→ Aim of the exercise:
Without the pictures, reproduce the entries below exactly.

[[ Exercise materials, beginning ]]

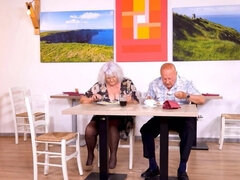 Grosse titten, Blasen, Geile alte tussi, Oma, Handjob, Ungarisch, Reif, Strümpfe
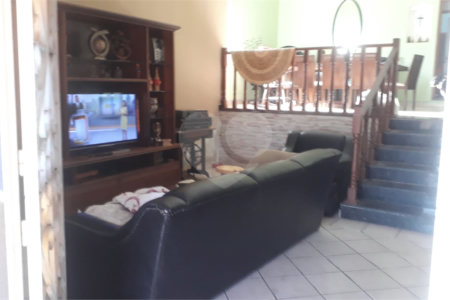 Sobrado à venda com 5 quartos, sendo 3 suítes, em Jardim dos Pinheiros, Atibaia, SP
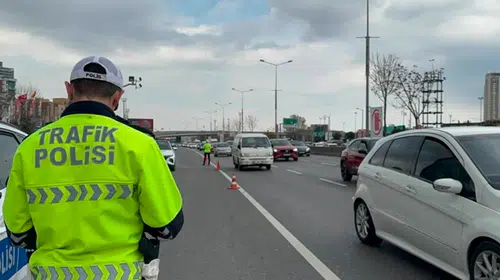 İstanbul'da Yenikapı etkinlikleri nedeniyle bazı yollar 14 gün trafiğe kapatıldı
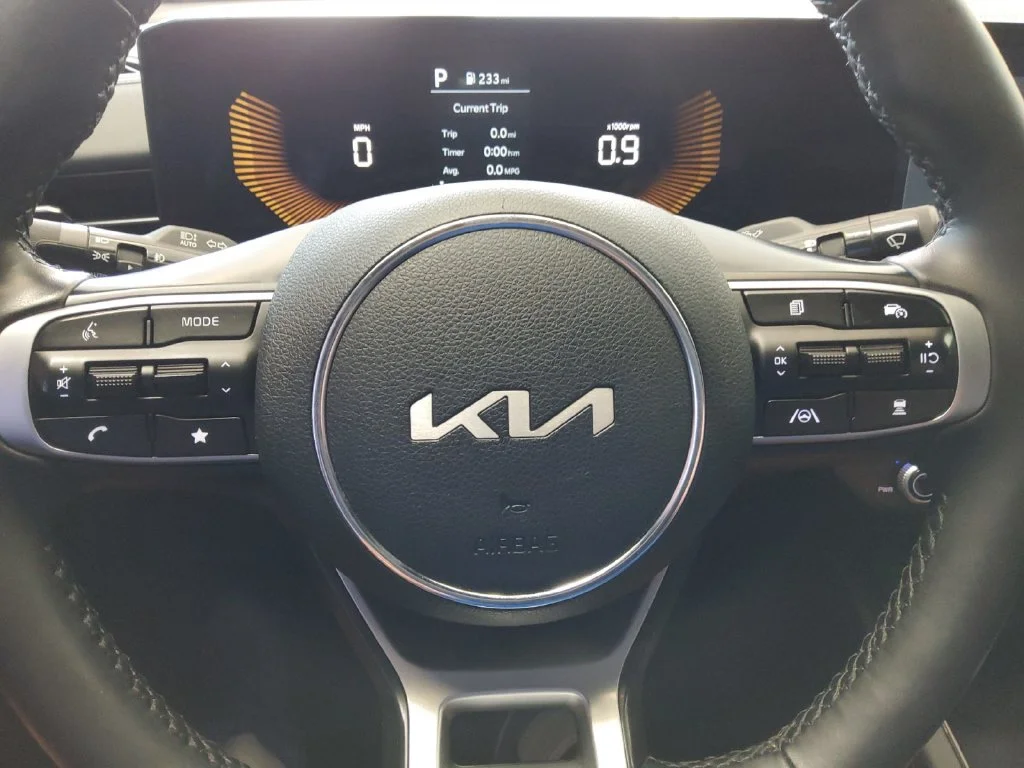 Certified Used 2025 Gray Kia GT-Line image 9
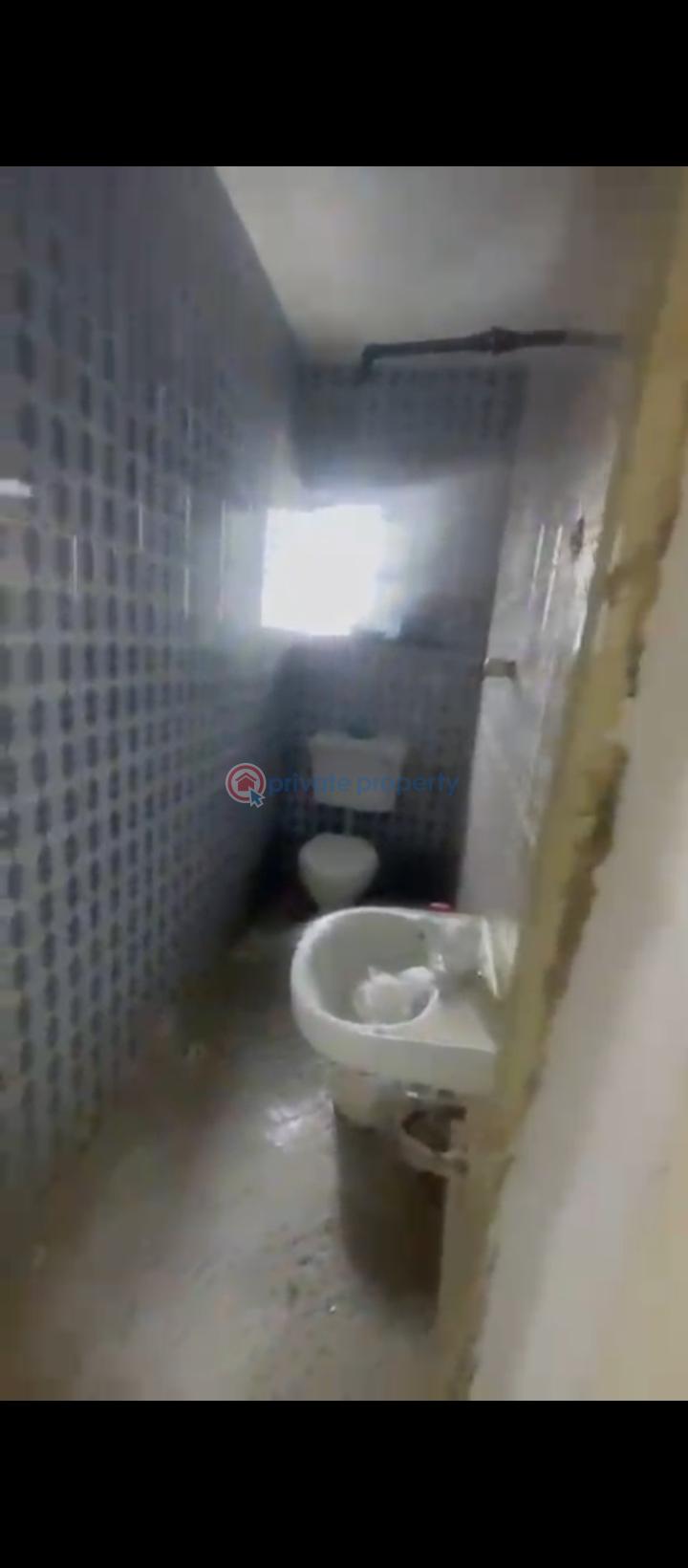 2 bedroom Block Of Flats For Rent Karounwi Street, Via Oduduwa, Surulere, Lagos Surulere Lagos - 5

[[ Exercise materials, end ]]

→ Result:
 Grosse titten, Blasen, Geile alte tussi, Oma, Handjob, Ungarisch, Reif, Strümpfe
 Sobrado à venda com 5 quartos, sendo 3 suítes, em Jardim dos Pinheiros, Atibaia, SP
 İstanbul'da Yenikapı etkinlikleri nedeniyle bazı yollar 14 gün trafiğe kapatıldı
 Certified Used 2025 Gray Kia GT-Line image 9
 2 bedroom Block Of Flats For Rent Karounwi Street, Via Oduduwa, Surulere, Lagos Surulere Lagos - 5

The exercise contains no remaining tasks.